Note: Permutation importance is computationally expensive on a large test set. The calculate_importance() function automatically subsamples up to 100,000 observations before computing importance scores. This subsample does not change the result.

Use permutation_importance function from scikit-learn. See here for the documentation.

See the solution
from sklearn.inspection import permutation_importance

def calculate_importance(X_test, y_test, RANDOM_STATE, final_rf, SCORING):
    X_test_sample = X_test.sample(n=min(100_000, len(X_test)), random_state=RANDOM_STATE)
    y_test_sample = y_test.loc[X_test_sample.index]

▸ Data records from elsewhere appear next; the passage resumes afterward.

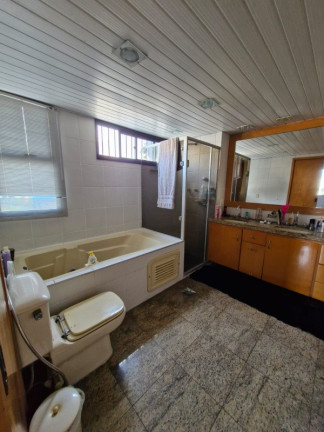 Imagem Imóvel com 3 Quartos à Venda, 254 m² em Nossa Senhora Das Graças - Manaus Imagem Imóvel com 3 Quartos à Venda, 254 m² em Nossa Senhora Das Graças - Manaus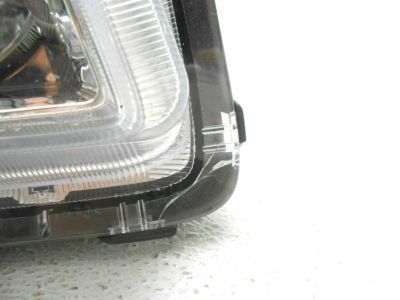 Toyota 81110-0R010 Passenger Side Headlight Assembly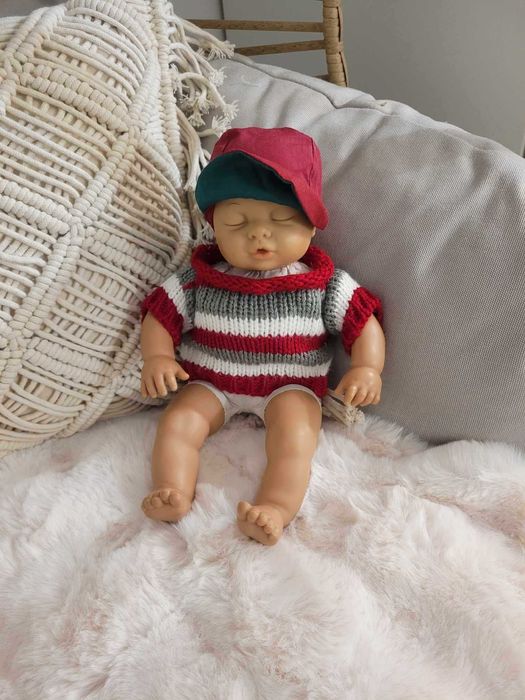 Ubranko dla lalki bobasa 30-34cm sweterek w paski z czapką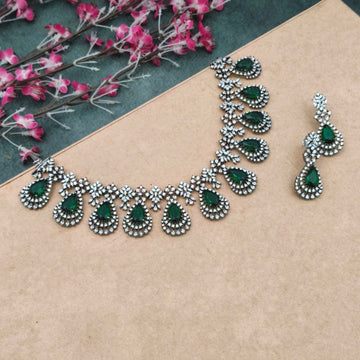 Emerald Victorian Cz necklace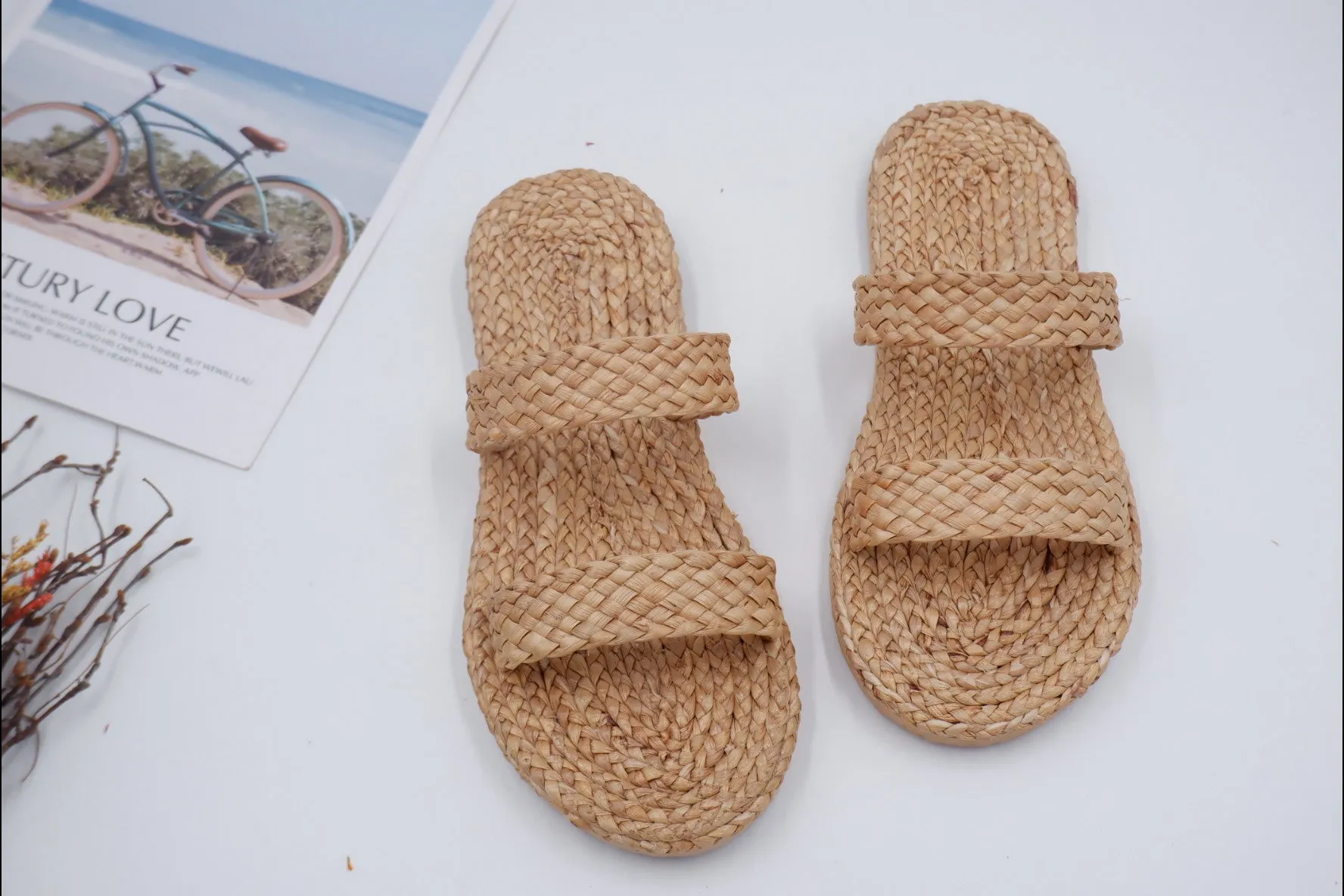 Beach Sandals straw sandals water hyacinth sandals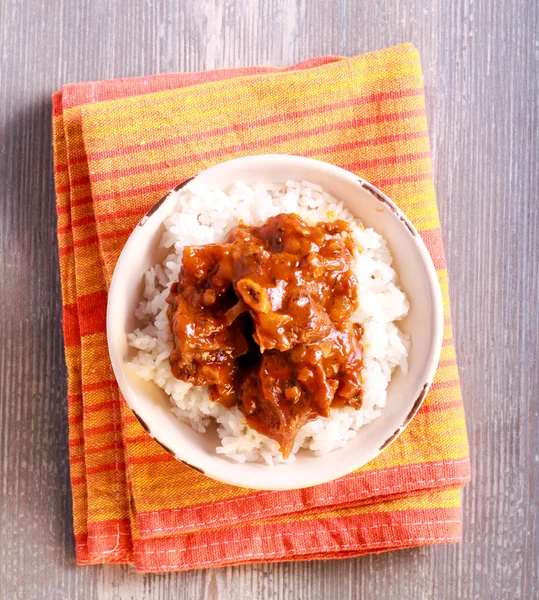 Rice with pork ribs and gravy — Stock Photo, Image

    perm = permutation_importance(
        final_rf, X_test_sample, y_test_sample,
        n_repeats=5,
        scoring=SCORING,
        n_jobs=-1,
        random_state=RANDOM_STATE
    )

    importances = (
        pd.Series(perm.importances_mean, index=X_test.columns)
        .sort_values(ascending=False)
    )
    return importances
  1. Write a permutation_importance() function to plot the bar chart of features importance.
See the solution
def importance_plot(importances):
    """
    Permutation importance plot
    """
    fig, ax = plt.subplots(figsize=(8, 6))
    importances.head(20).plot.barh(ax=ax)
    ax.invert_yaxis()
    ax.set_title("Permutation importance (top 20)")
    ax.set_xlabel("Mean increase in RMSE")
    plt.tight_layout()
    plt.savefig("importances.png", dpi=150)
    return fig
  1. Compute the permutation importance and plot the top 20 most important features.

Calculate the importance with the train set and the final RF model. The SCORING argument should match the metric used during training (e.g. "r2").

See the solution
score = "r2"
RANDOM_STATE = 202605

importances = calculate_importance(X_test, y_test, RANDOM_STATE, rf_best, score)
fig_importance = importance_plot(importances)
plt.show()

Congrats 🎉! You now have a complete evaluation pipeline: scalar metrics, residual diagnostics, distributional analysis, feature importance and a head-to-head model comparison. These steps form the foundation of any rigorous model validation workflow.